Dari sisi sumber daya manusia, pembinaan Jabatan Fungsional Penyuluh Hukum dinilai perlu dilakukan secara berkelanjutan. Pengembangan kompetensi tidak hanya melalui pelatihan fungsional, tetapi juga pelatihan teknis dan tematik yang menyesuaikan perkembangan persoalan hukum di masyarakat. Uji kompetensi juga diperlukan untuk memastikan Penyuluh Hukum memiliki kemampuan teknis, manajerial, dan sosial-kultural yang memadai.
Pelaksanaan penyuluhan hukum di daerah pada saat yang sama masih menghadapi persoalan pemerataan sumber daya manusia, keterbatasan anggaran, kesenjangan pemanfaatan layanan digital, serta koordinasi lintas sektor yang belum optimal. Program penyuluhan juga masih berpotensi berjalan sendiri-sendiri antara kementerian/lembaga, pemerintah daerah, dan lembaga penegak hukum, sementara basis data penyuluhan belum sepenuhnya terintegrasi.
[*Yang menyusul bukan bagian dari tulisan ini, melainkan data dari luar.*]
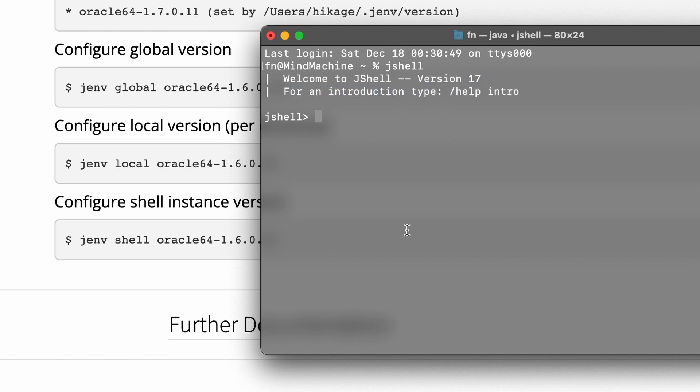And from now on you can have the newest version of Java installed on Mac and it can be used for any of your projects.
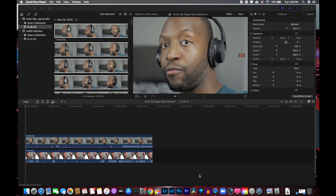So let's hop in the computer and I'll show you how to exactly do that in Final Cut Pro. Okay, everyone, so here we are in Final Cut Pro, and I have two clips put in here — these are just two random clips from my episode three podcast, which I'll be uploading to the channel very soon. So I just have some short clips here.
Sementara itu, sesi kedua menghadirkan Efendy Santoso selaku Ketua Posbankumadin Bekasi, Siti Nuralita Avianti selaku Kepala Bagian Perundang-undangan Kementerian Dalam Negeri, serta Direktur Pengelolaan Data dan Penyajian Informasi ASN Badan Kepegawaian Negara (BKN). Sesi ini memperkaya pembahasan dari perspektif layanan bantuan hukum, sinergi pemerintah pusat dan daerah, serta dukungan pengelolaan data dalam penguatan peran Penyuluh Hukum.
Salah satu aspek yang menjadi perhatian ialah peran Penyuluh Hukum dalam memperluas akses masyarakat terhadap layanan hukum melalui Pos Bantuan Hukum (Posbankum). Penyuluh Hukum dapat berperan dalam memetakan persoalan hukum masyarakat, memberikan edukasi mengenai hak, menghubungkan masyarakat dengan paralegal, melakukan rujukan kepada organisasi pemberi bantuan hukum, hingga membangun jejaring dengan pemerintah desa dan kelurahan.
Penguatan sinergi tersebut juga memerlukan mekanisme kerja yang lebih jelas agar pelayanan kepada masyarakat tidak terputus. Sejumlah masukan yang muncul antara lain penyediaan daftar rujukan organisasi bantuan hukum beserta narahubung di setiap wilayah, penggunaan format rujukan yang baku, mekanisme umpan balik atas perkara yang dirujuk, serta penyusunan kalender penyuluhan berdasarkan persoalan hukum yang paling sering ditemukan di masyarakat.
Rakor ini ditargetkan menghasilkan satu draft rekomendasi kebijakan mengenai penguatan peran Penyuluh Hukum dalam mendukung pembangunan hukum nasional. Rekomendasi tersebut diharapkan menjadi pijakan untuk memperkuat profesionalisme Penyuluh Hukum, memperluas akses masyarakat terhadap layanan hukum, sekaligus mendukung peningkatan capaian IPH, khususnya pada Pilar Budaya Hukum.